Что касалось барабанных перепонок, Гизинг выявил серповидную трещину в левой и небольшую рану в правой. Обрабатывая кислотой нежную ткань, доктор поражался чрезвычайной нечувствительности Гитлера. Он не испытывал ни малейшей боли, о чем заявлял с гордостью. Боль якобы делает человека сильнее духом. Гизинг не мог знать о том, что невосприимчивостью к боли фюрер был обязан фармакологическим заботам своего личного врача. Морелль также мало знал о процедурах, которые проводил в отношении «Пациента А» отоларинголог. «Доктор Гизинг не посвящает меня в подробности своего лечения», – с недовольством отмечал Морелль[369]. Между двумя врачами с самого начала возникла взаимная неприязнь. Когда Морелль встретил Гизинга во время его первого визита вопросами: «Кто вы? Кто вас вызвал? Почему вы не представились мне?», тот моментально парировал: «Как офицер, я должен представляться только моим воинским начальникам, а не гражданским лицам»[370]. С тех пор лейб-медик старался избегать приезжего отоларинголога.

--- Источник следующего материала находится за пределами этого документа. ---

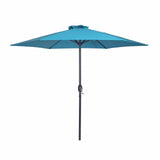 Lali Blue 9 Ft Outdoor Umbrella + 21" Round Base from Furniture of America - Luna Furniture
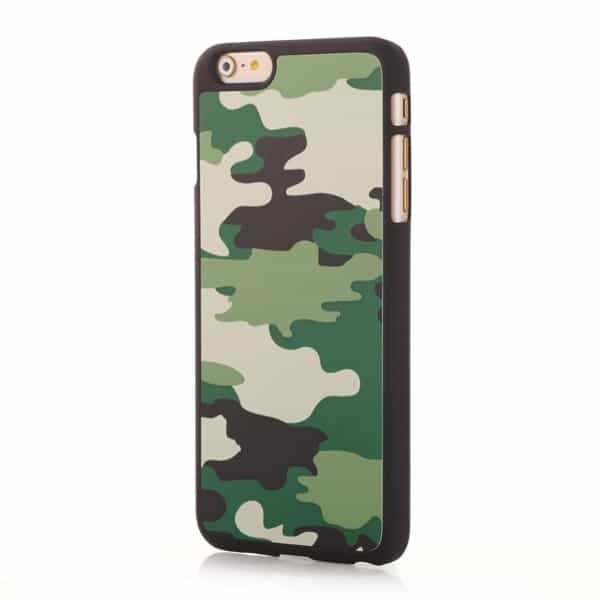Iphone 6 Plus - Beskyttende Hard Cover Med Camouflage Design - Grøn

С нескрываемым сарказмом описывает Гизинг типичную мизансцену визита своего коллеги: «Тяжело дыша, Морелль врывается в комнату. Он подает руку одному лишь Гитлеру и взволнованно спрашивает его, не случилось ли ночью что-нибудь экстраординарное. Тот отвечает отрицательно. Спал он хорошо и даже без проблем переварил салат из зелени, который съел за ужином. Затем Гитлер встает, стягивает с себя с помощью Линге китель, снова садится в кресло и закатывает левый рукав. Морелль делает Гитлеру инъекцию. Он извлекает иглу шприца и вытирает платком место укола. Затем покидает комнату и направляется в ванную комнату, держа в правой руке использованный шприц, а в левой три использованные ампулы – одну большую и две маленькие. Там он промывает одной рукой шприц и выбрасывает ампулы в туалет. После этого он моет руки, возвращается в комнату и прощается со всеми присутствующими».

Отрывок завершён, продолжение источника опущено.